▶ **Problem**
The expected output is an exact copy of the lines from the one containing "Фото 10: У центрі" to the final line below, minus any pictures.

▶ **The data**

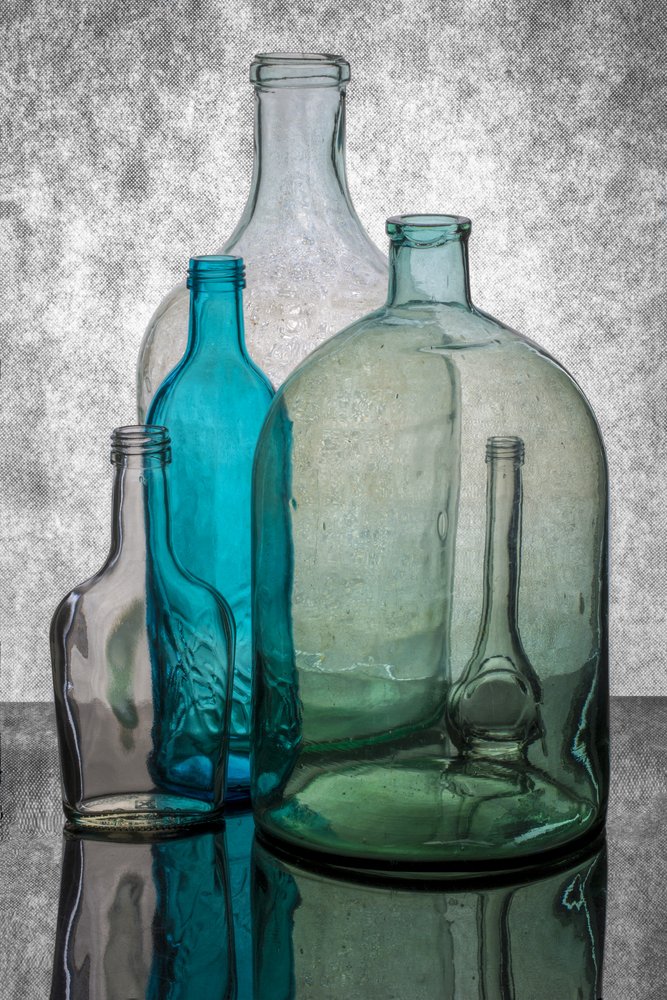 Bunte Glasflaschen von Brig Barkow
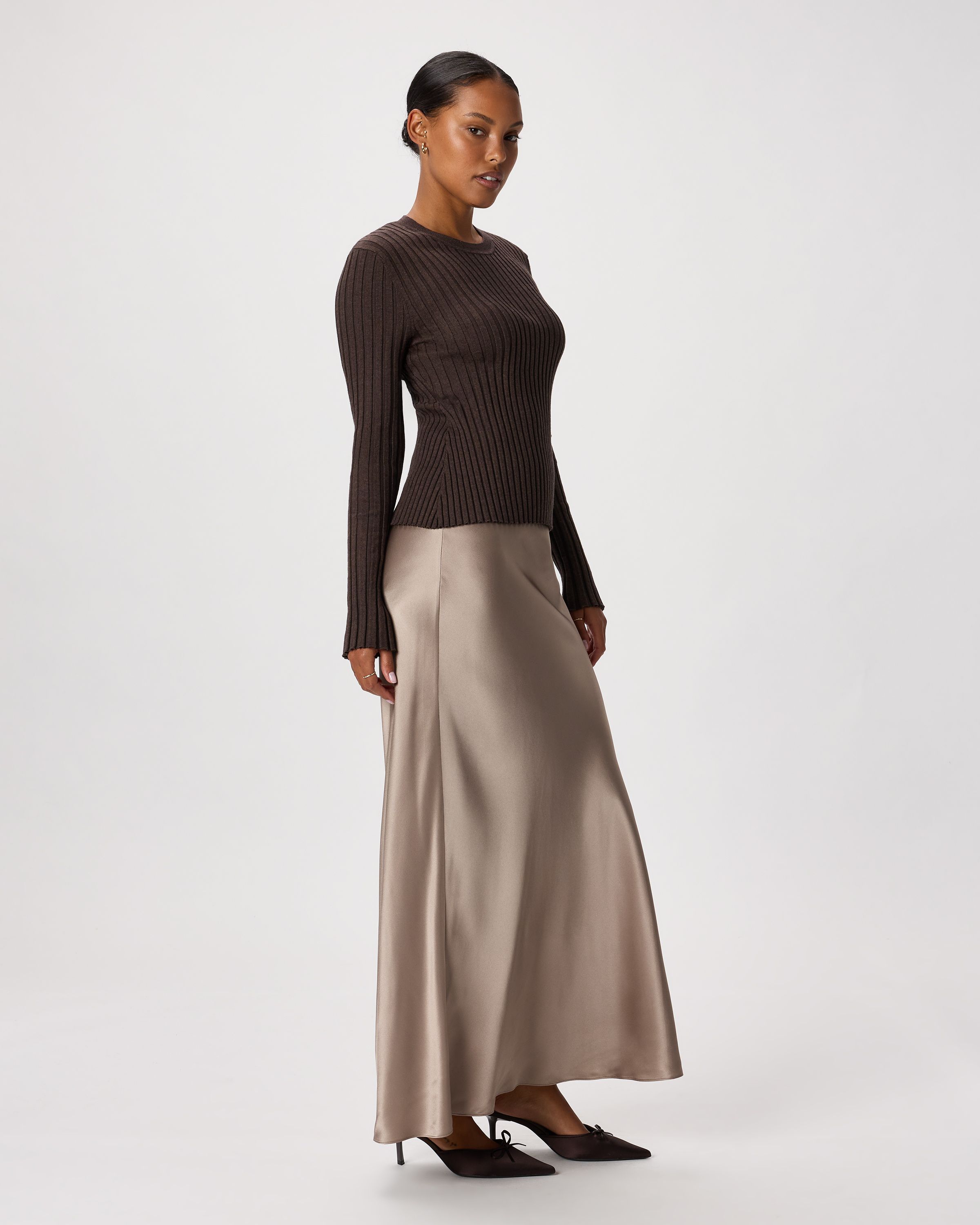 Nylon Long Skirt カーキ＆ブラック　MARQUE BLACK NYLON SKIRT – Lord & Taylor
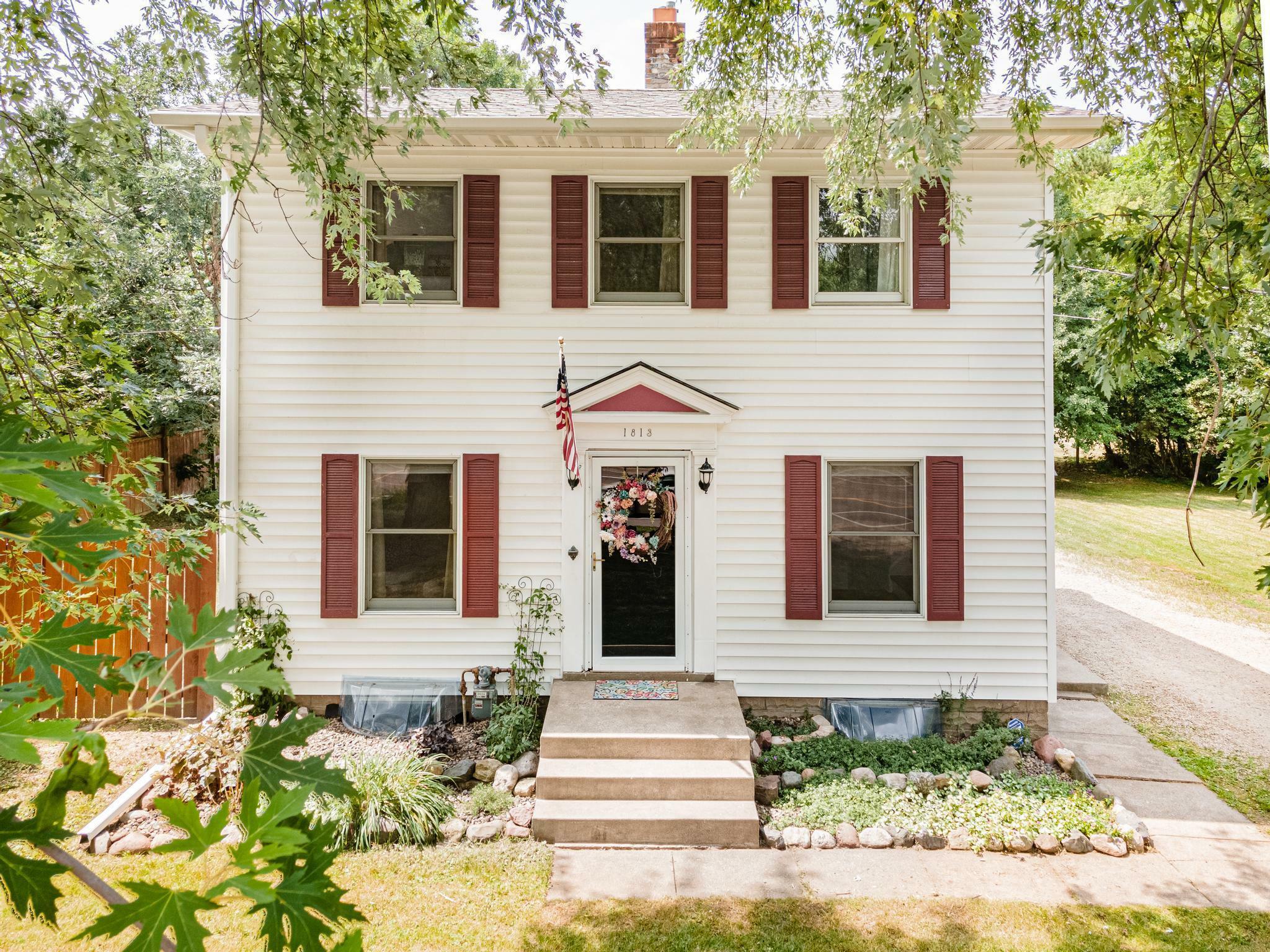 Property Photo: 1813 McKnight Road N MN 55109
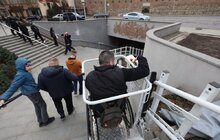 Фото 10: У центрі Львова, у підземному переході, встановили два електричні підйомники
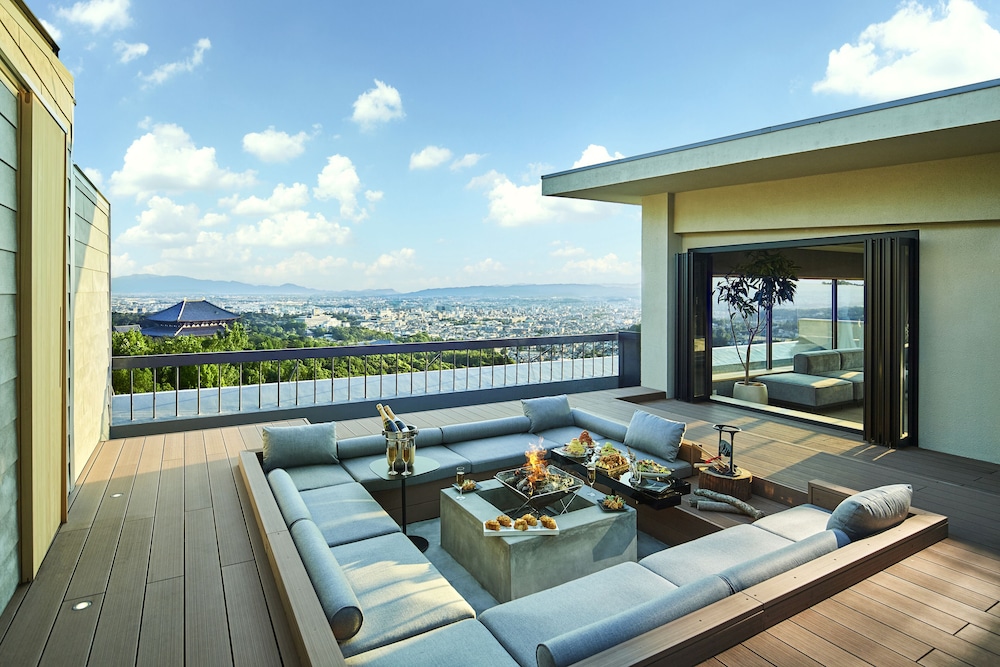 プレジデンシャル スタジオスイート 1 ベッドルーム 禁煙 シティビュー 客室1 | ANDO HOTEL 奈良若草山 ～DLIGHT LIFE & HOTELS～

▶ **Output for this task**
 Фото 10: У центрі Львова, у підземному переході, встановили два електричні підйомники
 プレジデンシャル スタジオスイート 1 ベッドルーム 禁煙 シティビュー 客室1 | ANDO HOTEL 奈良若草山 ～DLIGHT LIFE & HOTELS～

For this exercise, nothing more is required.